* **DATA**
:::::
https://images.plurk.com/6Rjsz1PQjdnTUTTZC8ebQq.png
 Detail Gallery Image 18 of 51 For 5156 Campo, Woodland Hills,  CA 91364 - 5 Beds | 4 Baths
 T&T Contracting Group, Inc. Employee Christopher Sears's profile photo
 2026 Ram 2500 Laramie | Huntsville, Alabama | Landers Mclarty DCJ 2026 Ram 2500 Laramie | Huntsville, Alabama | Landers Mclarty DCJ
:::::
Write the data out again in full and exactly.

https://images.plurk.com/6Rjsz1PQjdnTUTTZC8ebQq.png
 Detail Gallery Image 18 of 51 For 5156 Campo, Woodland Hills,  CA 91364 - 5 Beds | 4 Baths
 T&T Contracting Group, Inc. Employee Christopher Sears's profile photo
 2026 Ram 2500 Laramie | Huntsville, Alabama | Landers Mclarty DCJ 2026 Ram 2500 Laramie | Huntsville, Alabama | Landers Mclarty DCJ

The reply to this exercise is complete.